BEGIN Record set
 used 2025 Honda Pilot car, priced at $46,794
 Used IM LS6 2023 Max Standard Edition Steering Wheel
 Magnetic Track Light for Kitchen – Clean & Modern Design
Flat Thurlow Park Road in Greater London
END Record set
BEGIN Record set
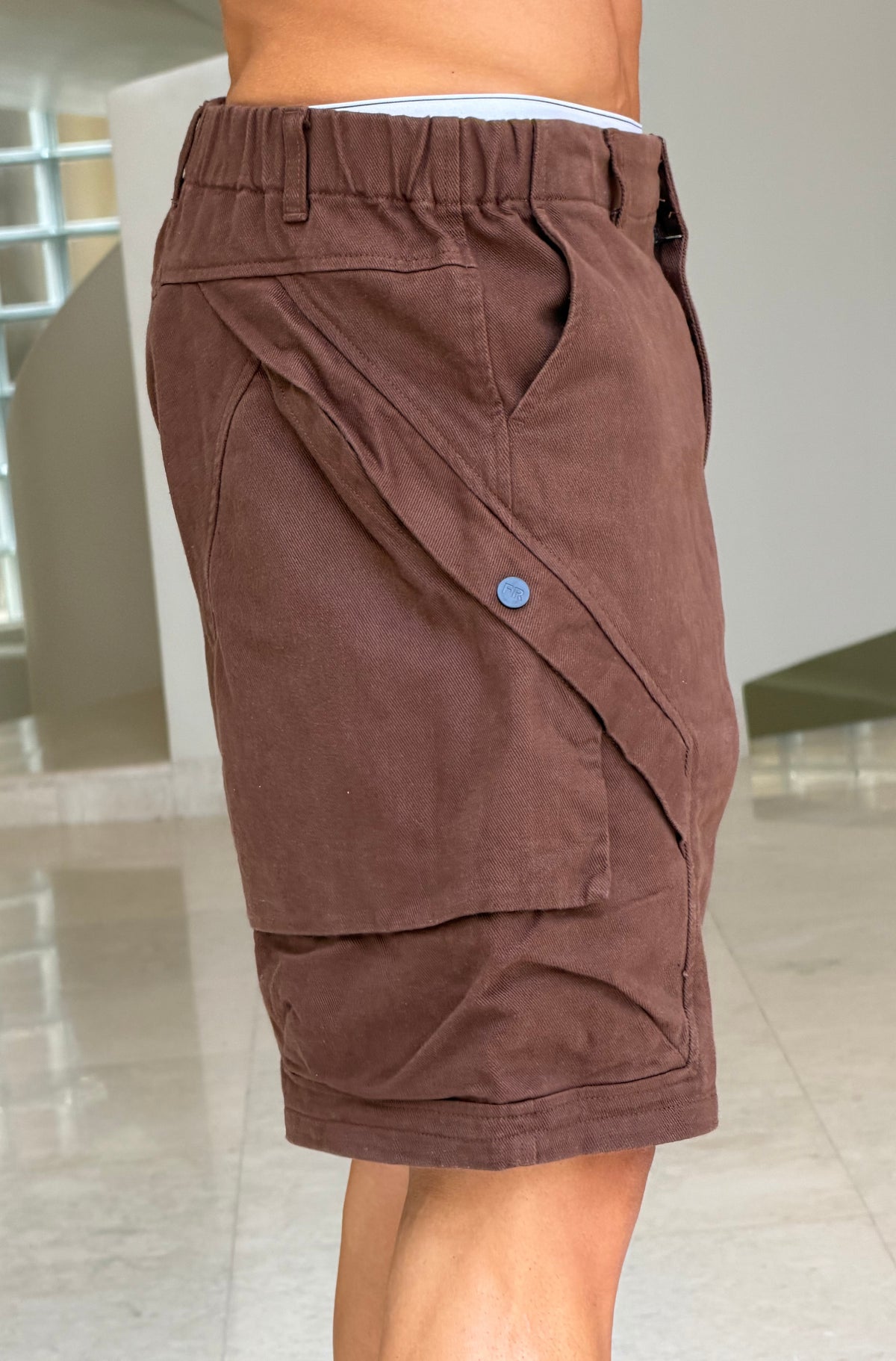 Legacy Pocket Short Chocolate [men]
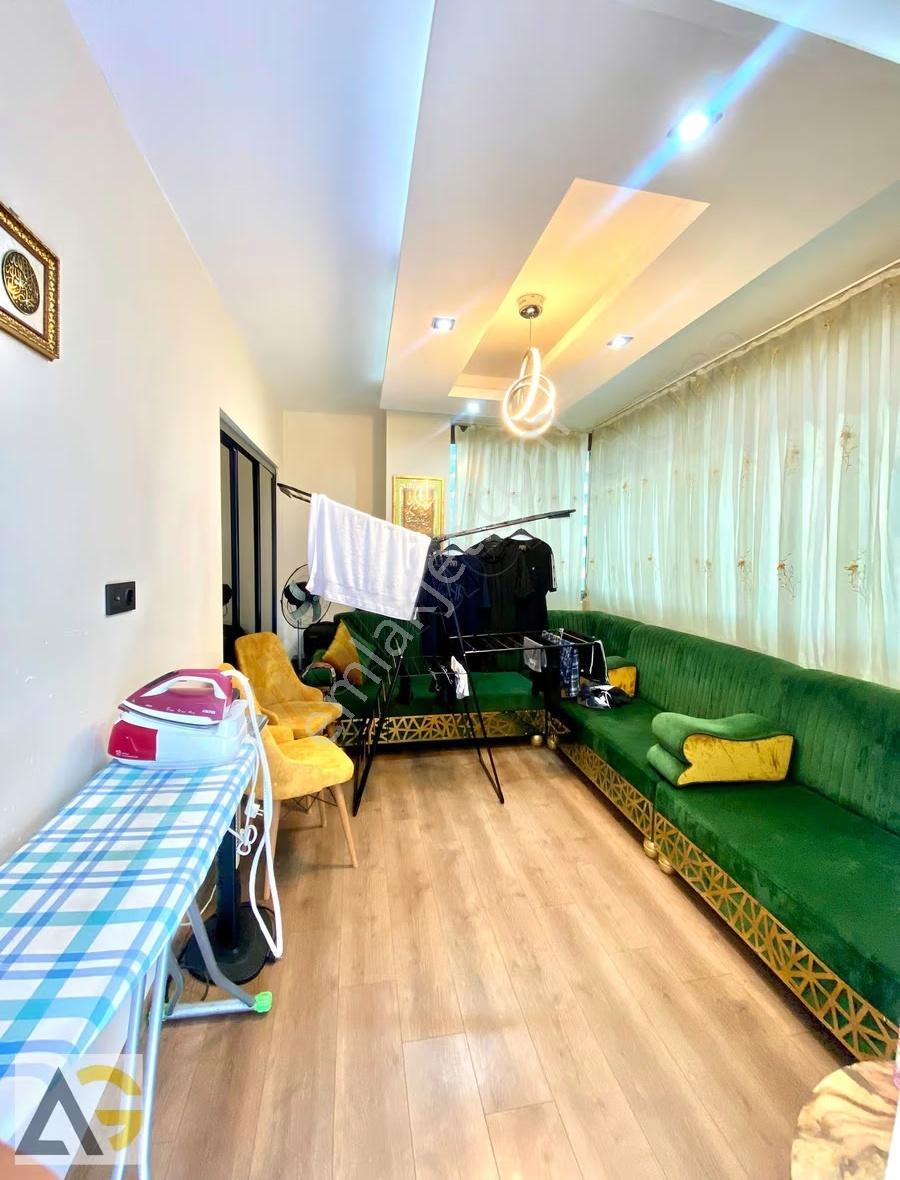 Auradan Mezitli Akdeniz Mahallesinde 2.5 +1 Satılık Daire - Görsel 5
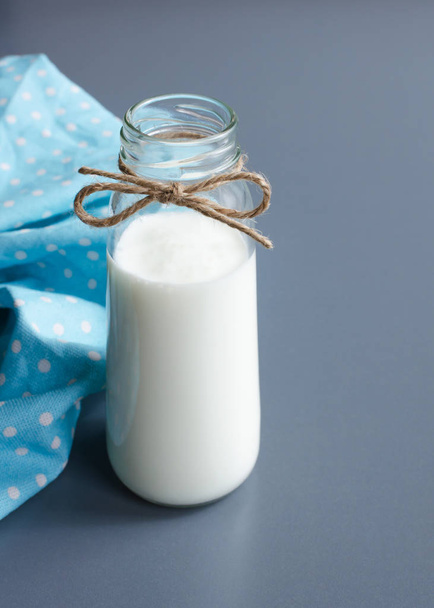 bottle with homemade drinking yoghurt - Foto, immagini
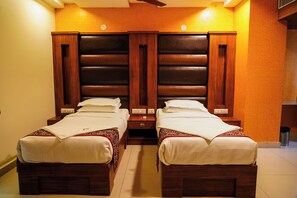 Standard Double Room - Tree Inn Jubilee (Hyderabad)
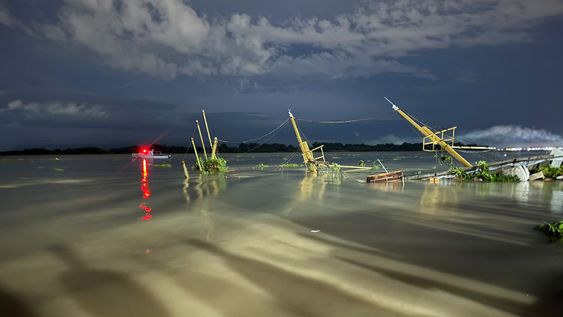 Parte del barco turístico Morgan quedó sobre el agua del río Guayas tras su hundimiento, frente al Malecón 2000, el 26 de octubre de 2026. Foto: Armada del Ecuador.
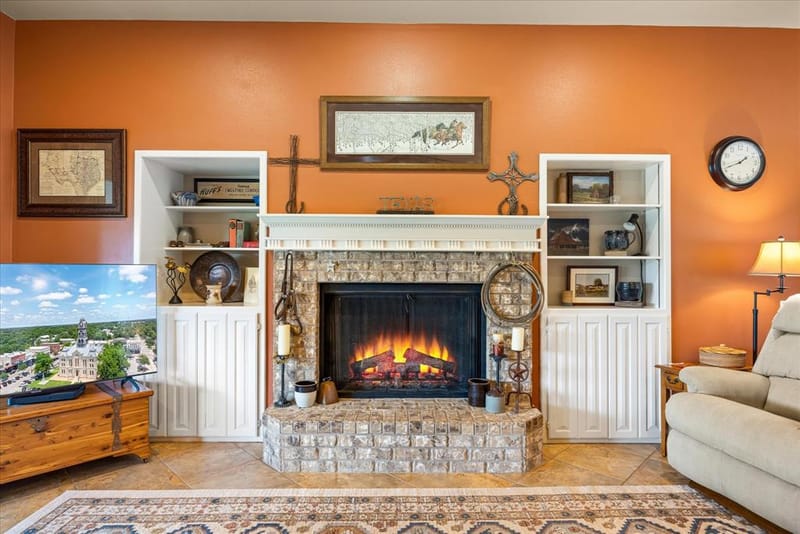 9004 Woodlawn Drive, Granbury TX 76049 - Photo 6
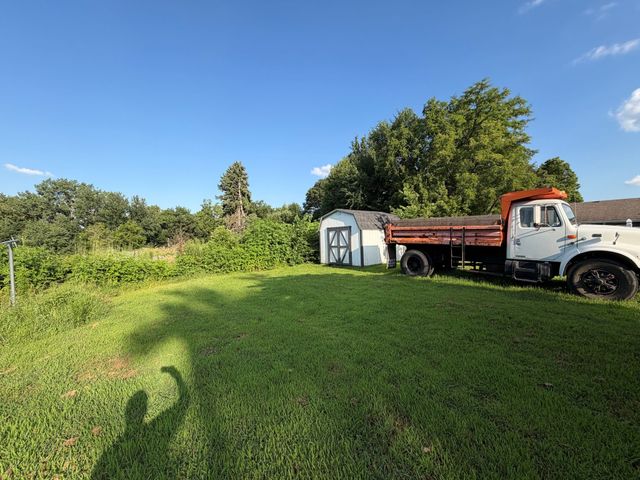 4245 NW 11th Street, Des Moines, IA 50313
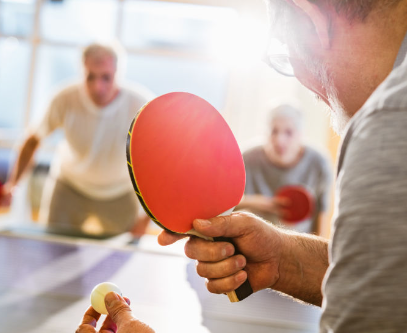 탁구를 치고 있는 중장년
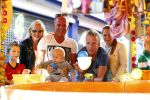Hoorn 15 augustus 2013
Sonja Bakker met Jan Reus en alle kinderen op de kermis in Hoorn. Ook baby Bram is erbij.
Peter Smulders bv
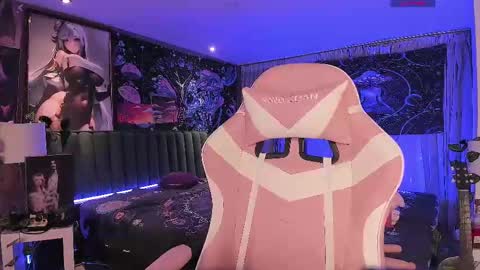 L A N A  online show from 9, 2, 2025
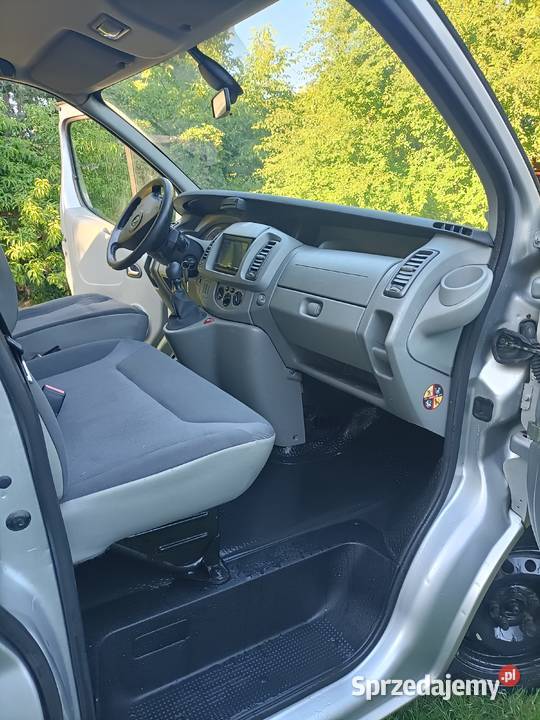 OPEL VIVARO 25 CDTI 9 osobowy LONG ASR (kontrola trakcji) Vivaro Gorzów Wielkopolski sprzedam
END Record set
BEGIN Record set
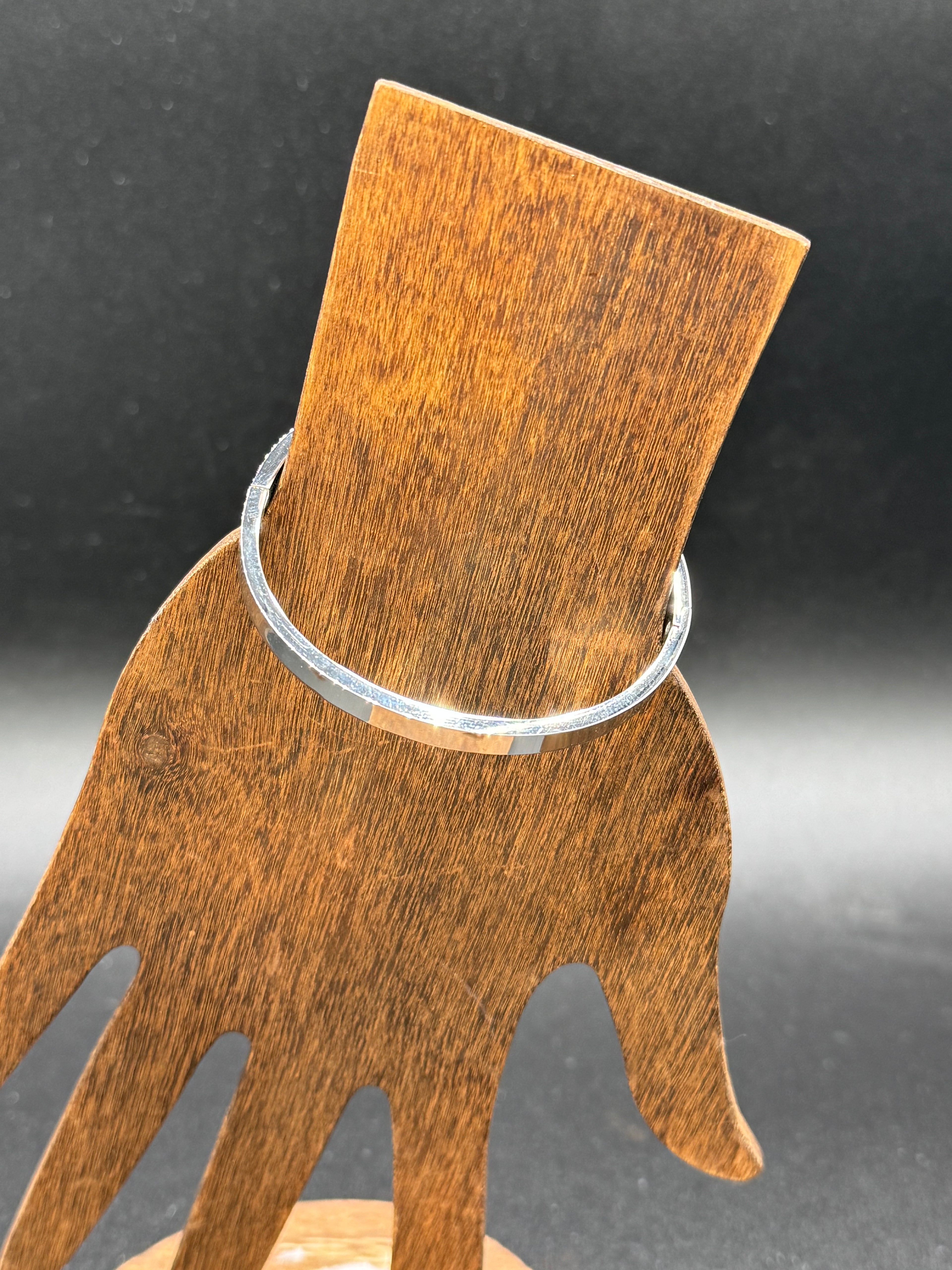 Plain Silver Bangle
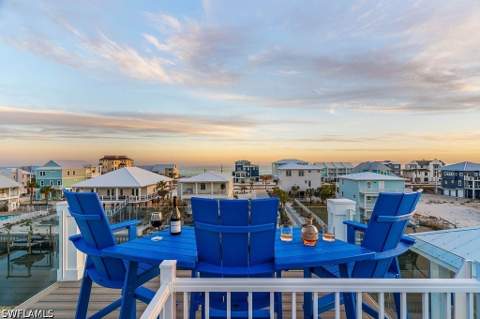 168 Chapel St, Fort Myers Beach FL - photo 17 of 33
END Record set
> **Description of the task**
Although pictures appear among the entries, please set down only the lines from the one with "4245 NW 11th Street, Des Moines, IA 50313" up to and including the one with "from 9, 2, 2025", word for word.

> **Answer section**
 4245 NW 11th Street, Des Moines, IA 50313
 탁구를 치고 있는 중장년
Hoorn 15 augustus 2013
Sonja Bakker met Jan Reus en alle kinderen op de kermis in Hoorn. Ook baby Bram is erbij.
Peter Smulders bv
 L A N A  online show from 9, 2, 2025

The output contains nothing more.